To be sure, MLS went through its growing pains, but soccer is on the verge of a significant shift in support.  ESPN's Roger Bennet  profiled Rich Luker, a sports social scientist who runs the ESPN Sports Poll, who had this to say about soccer in America:

The U.S. soccer audience is also unique in Luker's eyes. "It is a true community. The only group that comes close are college sports fans or followers of the Grateful Dead. They embrace soccer as a communal lifestyle as opposed to a personal experience or a community that only exists on gameday." 
However, Luker also believes soccer is underperforming. "It's a sport that should have been doing well a long time ago." The social scientist is well positioned to make that claim. He partnered with MLS back when it was planning the launch of the league in 1994. "We discovered 30 percent of American households contained someone playing soccer.
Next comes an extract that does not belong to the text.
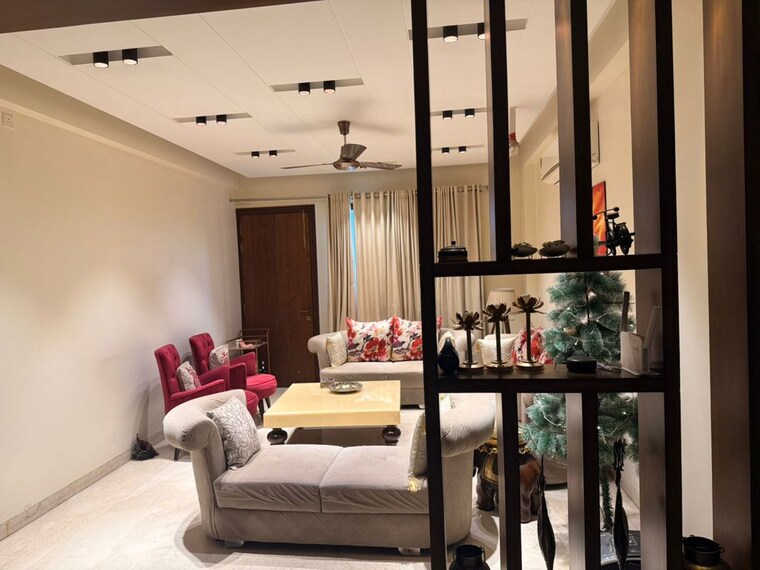 Bedroom, palam-vihar-residents-association 4 Bedroom 3240 Sq.Ft. Builder Floor In Palam Vihar Gurgaon 10381509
The only game that comes close to that massive number is baseball." 

 Luker's analysis points to soccer being on the cusp of an explosion in this country, and there are many reasons.  The first is that the growth and speed of online services and expansion of cable sports channels (which needed content) means that there are more soccer games, of differing levels available for fans.  A soccer fan in the States now can find dozens of games on TV or online in a given weekend (often numbering over 100 games during some weeks), 52 weeks a year.  So the easy ability to see the games is making inroads to fandom, allowing fans to build a connection to a favorite team, even on another continent.  The easy availability of soccer viewing (not to mention its consistent timing) makes it easy for fans to enjoy their soccer and they can do it either by themselves or in the company of like-minded folk, the communal nature of soccer that Luker refers to.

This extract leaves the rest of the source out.